Gold price (XAUUSD) is down by more than 1% today as traders react to the Fed interest rate decision that has pushed the US dollar higher. The precious metal is trading at $1,945, which is slightly below the yesterday’s high of $1,975. Still, David Kelly, an analyst at JP Morgan believes that gold, together with other risk assets will benefit from the lower interest rates.
In the interest rate decision yesterday, the Fed did what most analysts were expecting. It did not tweak interest rates and the quantitative easing program. The bank also signalled, like Jerome Powell had done earlier, that rates will remain at the current level for longer. Indeed, in the dot plot, the Fed suggested that the rates will not be changed for the next few years.
Such monetary policy is positive for gold price for two main reasons. First, lower-for-longer interest rates are likely to spur inflation. And the Fed has already said that it will not hike rates even after the rate of inflation reaches its target of 2%. That is a positive thing because most gold investors usually see it as a viable hedge against inflation.
Second, lower interest rates will remove the incentive for people to save money. In other words, it will lead to demand for risk assets like gold. This is the argument that Kelly made in his interview with CNBC yesterday.
So, is the price of gold set to rally?
Gold price technical outlook
The daily chart shows that gold price has been moving sideways recently. Indeed, even after the decline made today, the price remains almost where it was when the week started.
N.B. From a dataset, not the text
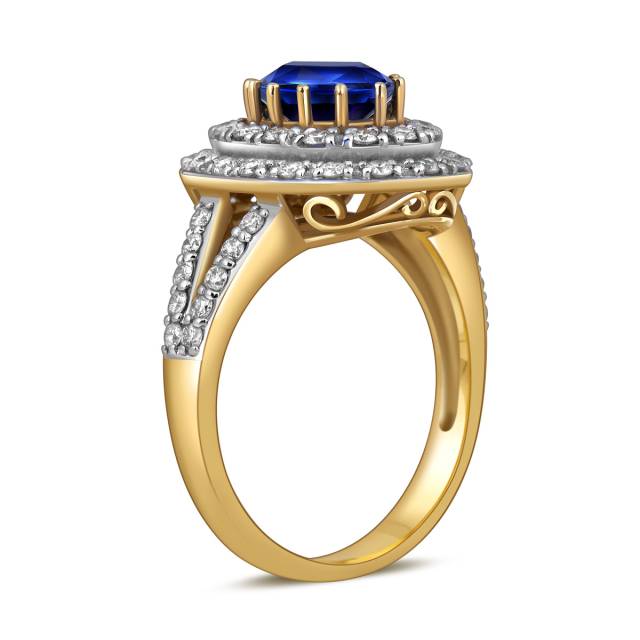 Кольцо из жёлтого золота с бриллиантами и сапфиром (020963)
The price is also along the 25-day weighted moving average but is slightly above the 50-day WMA. Most importantly, the price has formed a symmetrical triangle pattern, which is approaching the level of confluence.
Therefore, I suspect that gold price will break out higher in the near term as bulls aim for the next resistance level at $2,000. On the flip side, a move below the important support of $1,900 will invalidate this trend.